Saat semua orang tertunduk lesu, tiba-tiba sebuah suara terdengar.
“Siapa?” Semua orang menoleh penasaran pada Ying Wushuang.
Dengan dagu terangkat, Ying Wushuang menatap Yun Yi dengan sinis, “Yun Yi, dong. Lagu yang dia nyanyikan di ajang Raja Lagu langsung meledak.
Dalam semalam saja, dia sudah memuncaki seluruh tangga lagu, benar-benar hebat, sampai-sampai Kak Xiaoxiao harus puas di posisi kedua.”
Diam-diam Ying Wushuang melirik wajah Qu Xiaoxiao yang semakin muram, hatinya dipenuhi kepuasan akan balas dendam, “Apa kalian lupa, manajer Yun Yi itu Zhang Yuan si tangan emas?”
Seketika semua peserta heboh.
Benar juga, mereka hampir lupa, manajer Yun Yi adalah manajer emas sesungguhnya!
Itu Zhang Yuan! Dengan beberapa kata saja ia bisa mengangkat Yun Yi dari kubangan tuduhan suap, menjadikannya idola yang peduli pada kegiatan sosial, benar-benar ahli pemasaran yang menuai nama baik dan keuntungan!

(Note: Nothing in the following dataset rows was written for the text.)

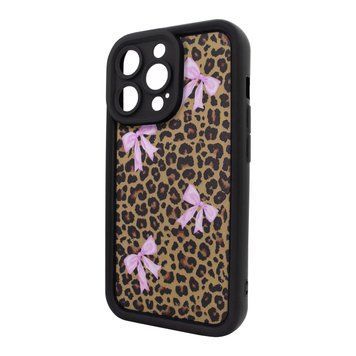 Чехол Wilkins Case для iPhone 13 PRO MAX Leopard Bows Black/Pink - ash-mobile.com.ua - фото 1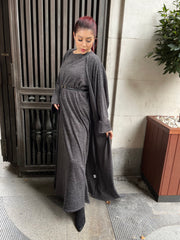 Seattle Knitted 2 piece Abaya Set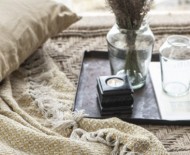 Rustic Farmhouse Cotton Chevron Blanket Throw with Fringe - 50 x 60 Inch for Everyday Use
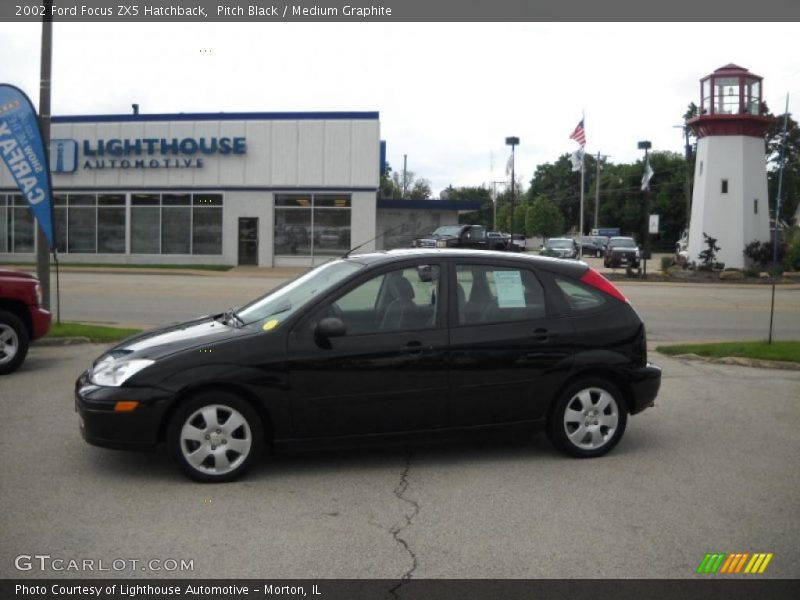 Pitch Black / Medium Graphite 2002 Ford Focus ZX5 Hatchback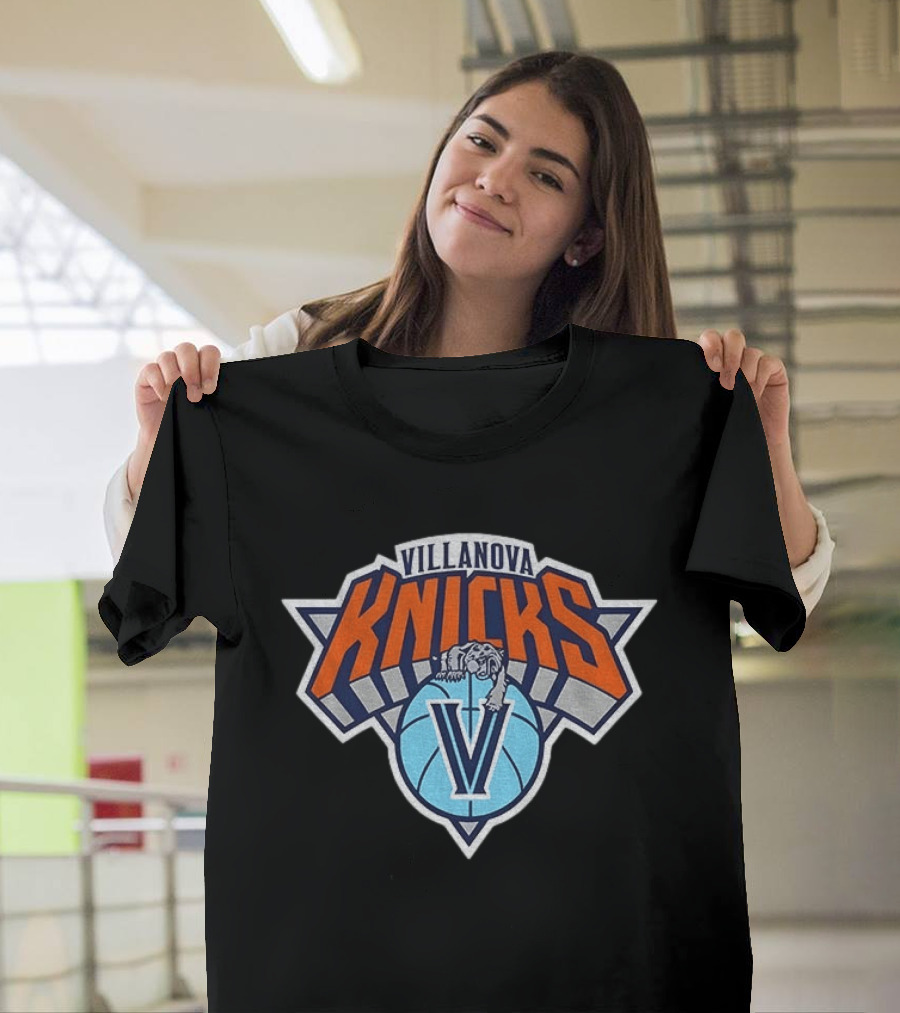 Villanova Knicks Wildcats And New York Knicks Basketball Mashup T-Shirt
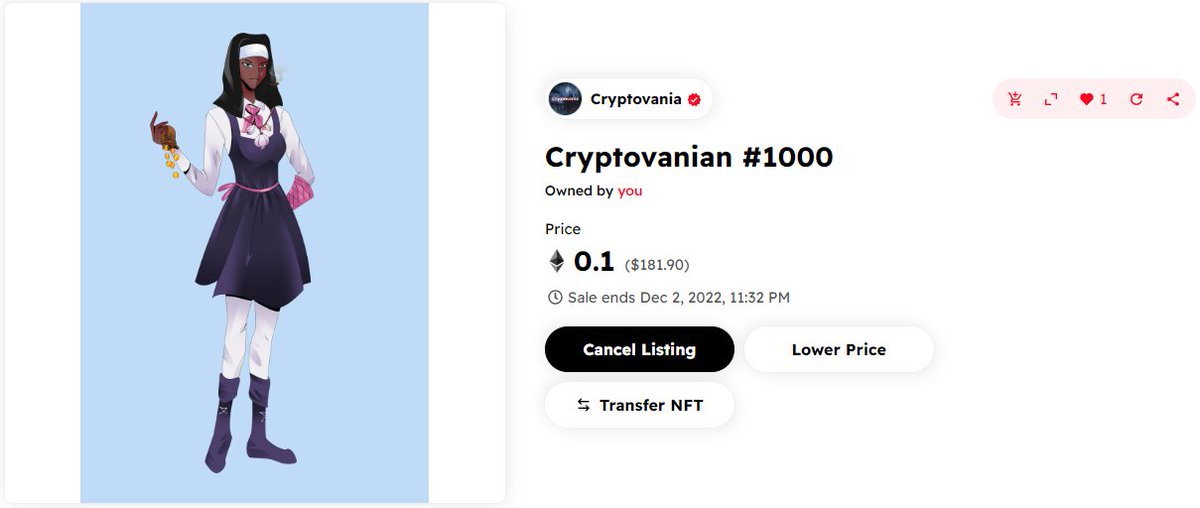 marimas2000's tweet photo. https://t.co/cd0BBfVqKc

rare number next bluechip 👀
someone wanna buy my cryptovani #1000 ?
just 0.1 for rare NFT

#Cryptovania #freemint #nft #rarenft #Optims #OPSummer 

@CryptovaniaNFT https://t.co/JawcFVUuLM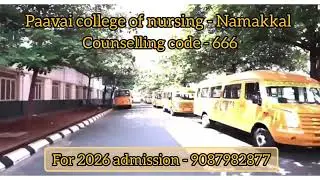 Paavai College of Nursing Tamil Nadu | B.Sc Nursing 2026 | Apply Now #Nursing2026 #BScNursing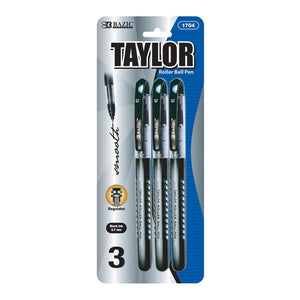 BAZIC Taylor Black Rollerball Pen (Product Of USA)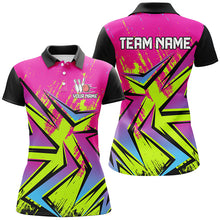 Load image into Gallery viewer, Colorful Bowling Polo, Quarter Zip Shirts For Women Custom Bowling Team Jersey, Gift For Bowlers NQS8921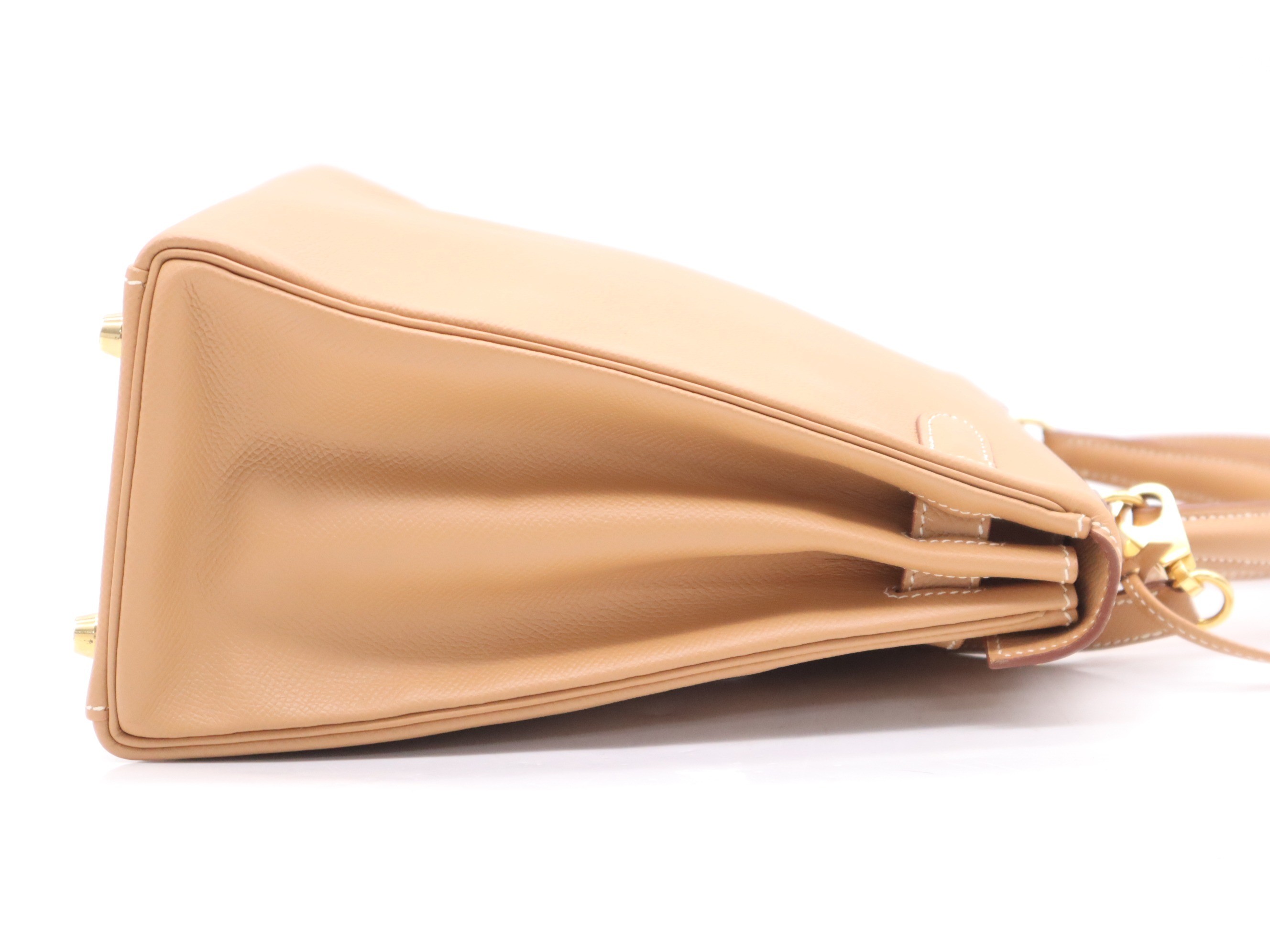 Courchevel Kelly 32, brown beige, gold hardware, C stamp, 1999. — view 5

Dengan beberapa kalimat saja, Ying Wushuang berhasil mengaduk-aduk permusuhan lama antara Yun Yi dan Qu Xiaoxiao, sekaligus menambah iri hati seratus lebih peserta pelatihan yang harus berbagi satu manajer, sementara Yun Yi bisa menikmati perhatian seorang ahli sekaligus banyak fans yang rela menghabiskan uang untuknya. Rasa iri pun membuncah di hati mereka.
“Punya manajer sendiri memang enak.”
“Hidup orang memang beda-beda, mau bagaimana lagi.”
“Iri, dengki, benci!”
Dengan Yun Yi sebagai sasaran kecemburuan, urusan Qu Xiaoxiao pun sementara terlupakan.

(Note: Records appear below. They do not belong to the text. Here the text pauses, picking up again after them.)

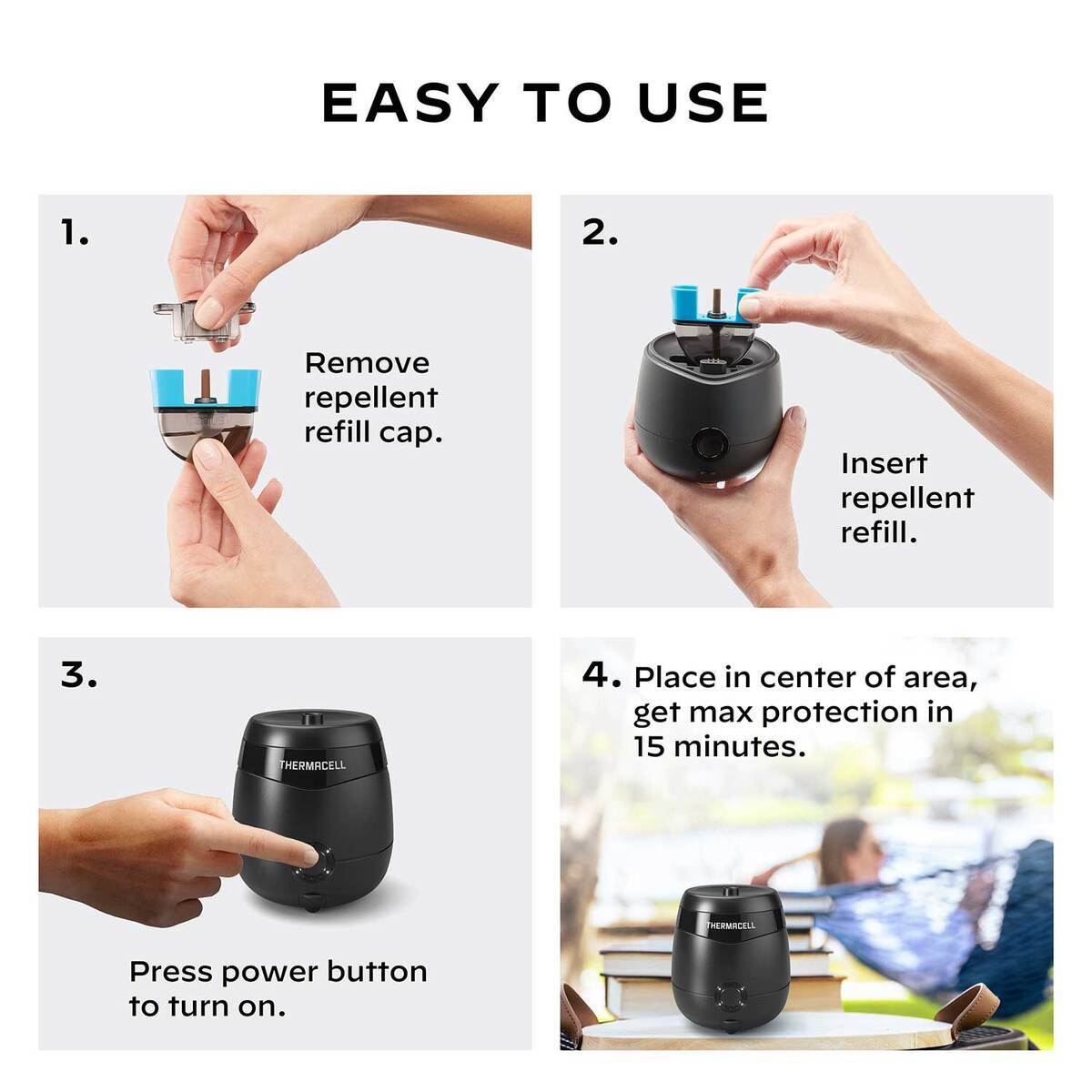 Thermacell E65 Rechargeable Mosquito Repeller with Fast Charging Dock 3 Thermacell E65 Rechargeable Mosquito Repeller with Fast Charging Dock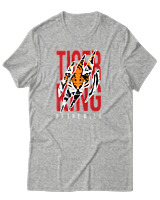 T-Shirt Αντρικό - Tiger KIng - Color Thumbnail Γκρι Μελανζέ
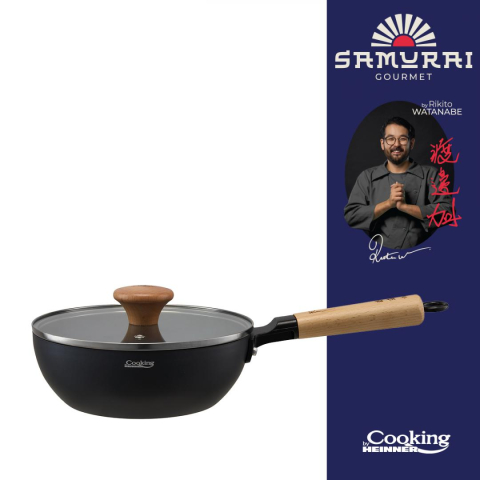 Tigai si seturi - Tigaie wok+capac 20x7 cm,  rikito watanabe, samurai gourmet, cooking by heinner
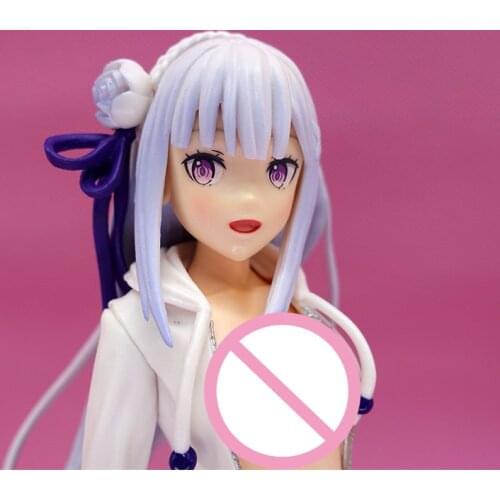 Re:Life in a different world from zero anime sexy Emilia 1/6 anime girl figure resin action figures
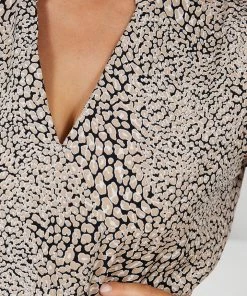 Miracle Fashion Greet Dress - Black Print 15 Miracle Fashion Greet Dress - Black Print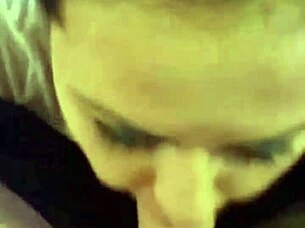 Ebony milf flashes saggy tits in shorts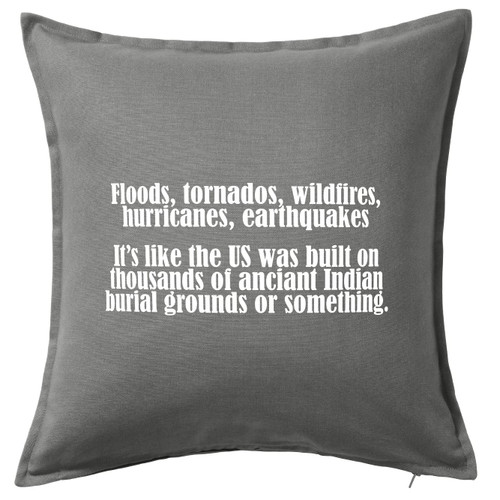 HARD EDGE DESIGN Burial Grounds Grey Throw Pillow Cover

Yun Yi menahan Xiao Yuzhou yang ingin membelanya, mengeluarkan otak pintar dan menunjukkan sebuah video, lalu membisikkan beberapa kalimat di telinganya.
Mata Xiao Yuzhou pun langsung berbinar, ia mencubit pipi Yun Yi yang halus dan putih, lalu terkekeh, “Gadis kecil penuh akal licik, aku suka!”
Yun Yi hanya tersenyum tanpa berkata apa-apa.
Ia sudah berkali-kali memperingatkan Ying Wushuang untuk tidak mencari masalah.
Namun, ada saja orang yang menolak kebaikan dan malah menantang, biarlah kali ini Ying Wushuang mencicipi sendiri pahitnya menebar fitnah dan memecah belah.